3. What can you do to look for the positive things that happen in your relationships? How would this help you affirm others? Who will you start with?

4. What can you do to prevent yourself from building up resentment and anger? How can you let these things go so they do not build up and destroy you and your relationships?

See more here:

Monday, September 07, 2009

Love is not Easily Angered!

When God tells us that love is not easily angered, He means just that.

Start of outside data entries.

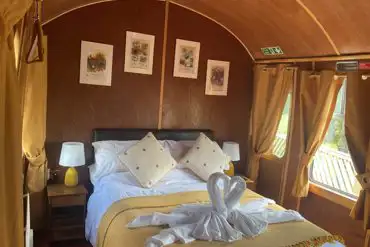 Glamping cabin master bedroom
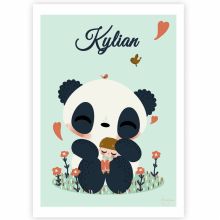 Affiche A3 Le panda et l'enfant garçon (personnalisable)  par Kanzilue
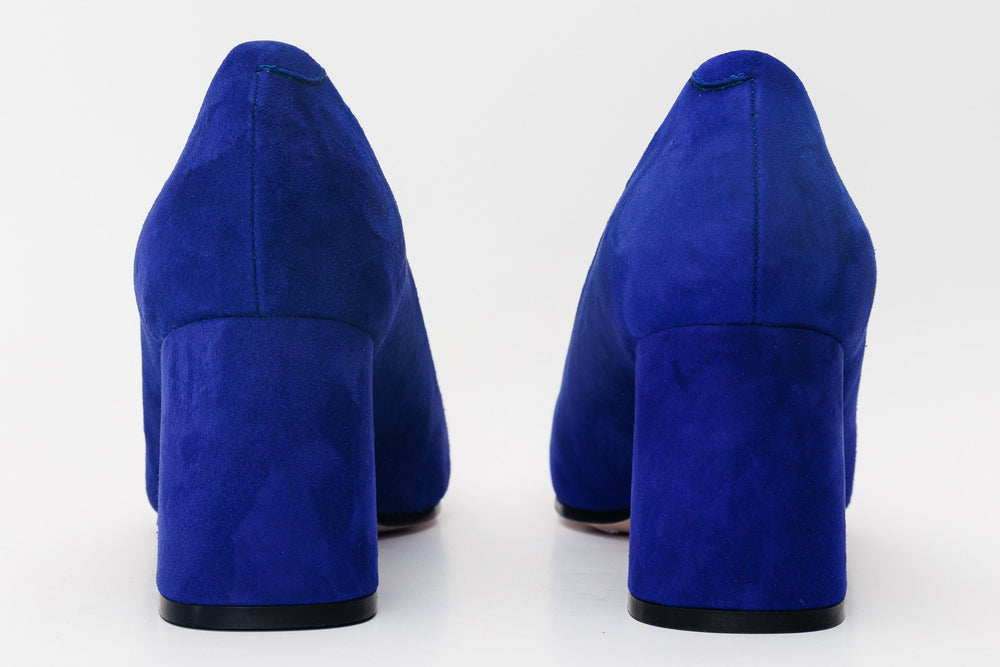 The California Sax Blue Suede Leather Block Heel Pump Shoe On Sale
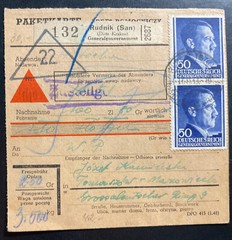 1943 Rudnik Germany Parcel Receipt Registered Cover To Tomarszow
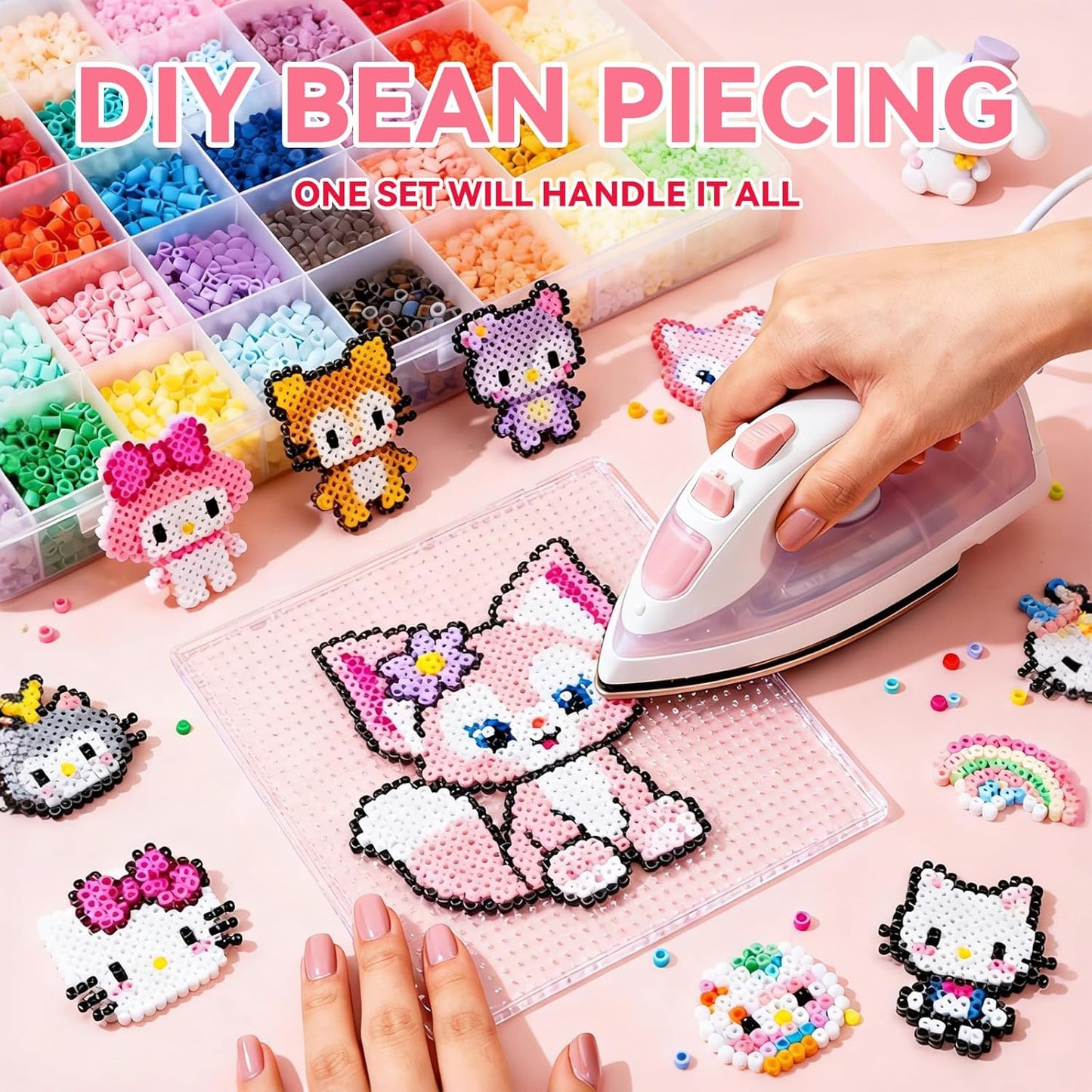 Fuse Beads Kit for Jewelry Making, 2000 Pcs Melty Beads with Storage Box and Big Iron, Create Bracelets, Keychains, Pixel Art, Complete Crafts for Girls & Boys Birthday Gifts, Easter Basket Stuffers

We are not to be touchy, easily provoked, fretful, resentful, suspicious, or oversensitive with our feelings. We are to be very slow to get angry, and we are not to let little things cause us to “fly off the handle.” Because God loved us so much, He did not allow His anger to wipe us out of existence when we so much deserved it. Instead, He allowed His drama of redemption to unfold throughout history, climaxing with the Person and work of our Lord Jesus Christ. We need to try to understand other people, and with respect, place ourselves in the shoes of another. We need to listen, and not allow our hostile feelings to get the best of us. We are not to let the sun set before we extinguish our anger with our spouse. Since God is patiently working in us, we should reciprocate with the understanding of the debt we owe to God and the unfathomable love and concern He has for us. Love puts us in another’s shoes.

Authentic Love is not touchy or resentful, and does not “fly off the handle!”

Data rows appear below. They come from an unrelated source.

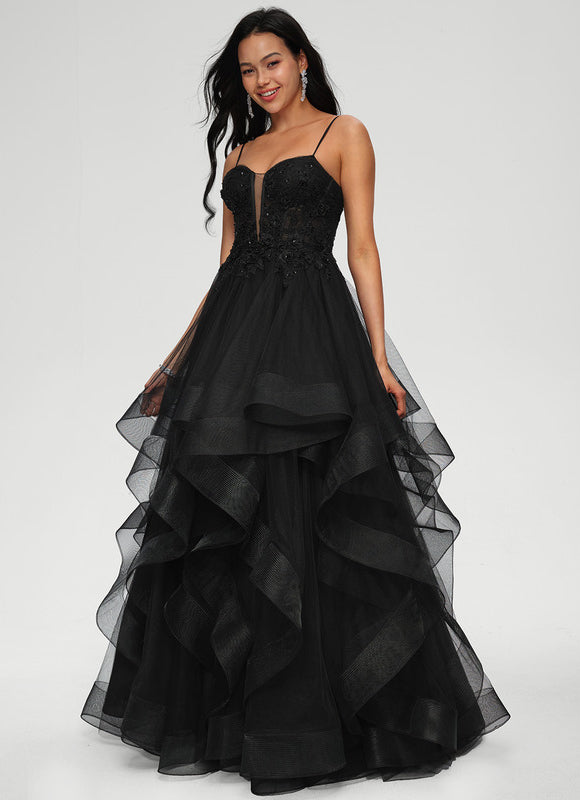 Robe De Bal Tulle À Volants - gallery 2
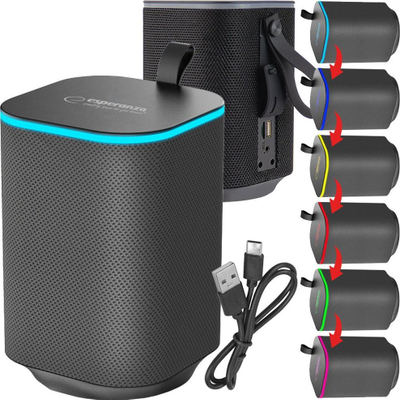 Altoparlant Bluetooth Esperanza Sakara EP155, 10W, RGB, i zi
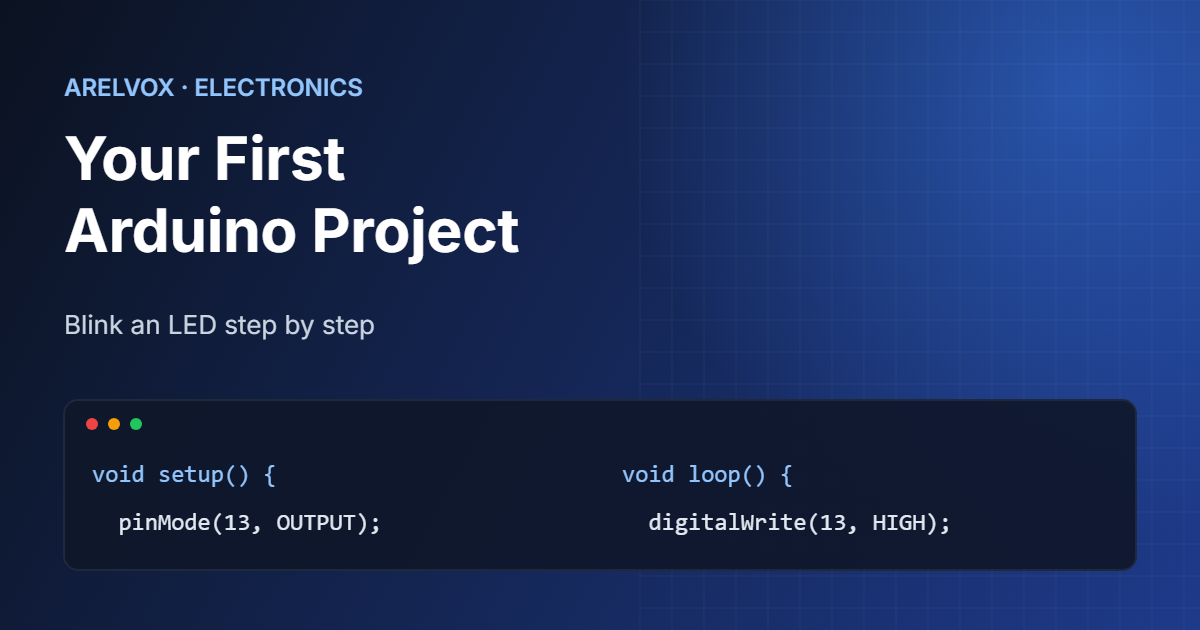 Arduino first project code to blink an LED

Anger is a vice, sin that abuses others and us and should never have a foothold in us. When we are easily provoked, we show a lack of self control and a lack of trust in our Lord. All this does is bring us to the same level of spitefulness and bitterness as others and we come to live in it ourselves. When this happens, we must seek to break the bonds of this sin that seek to destroy others and us. Our faith must be love-filled so it affects our actions, our verbal expressions, our mannerisms, and our body language so we reflect our Lord. If not, our faith and thinking are skewed or even absent. Anger is formed from our doubts and fears as well as frustrations—our unmet expectations that will destroy God’s past, present, and future work in us. It will neuter what God wants to do in us and take a teaching point to edify and forge it into a weapon that harms others.

It is interesting to point out that the modifier word “easily” does not appear in the original Greek texts but first shows up in the KJV and survives in most translations today. Why? Two reasons: one, we sometimes have to add modifier words to smooth out the language from translations so it is more readable (grammar is different in Greek than English) as long as it is in context. Also, it is said that King James, who commissioned the translation, was easily angered and thus the translators wanted to convict him. Nonetheless, easily fits the context and meaning (Prov. 12:16; Eccl. 7:9; Matthew 5:22; Rom. 2:8; 12:19; Eph. 4:26-18, 31; Col. 3:8; James 1:19-21; 3:9-10).

Questions to Ponder

1. Any church that lacks love will have disorder. Why? How have you seen this so? How have you seen Christ the Lord replaced with pride and strife?

2. How does love help us be submissive to God and be better examples to others? How does your faith factor in with your love?

3. What needs to take place in you for you to be better at listening, and not allowing your hostile feelings to get the best of you?

4. What can you do to keep the little things from causing you to “fly off the handle?” What can be done to improve your attitude and your church?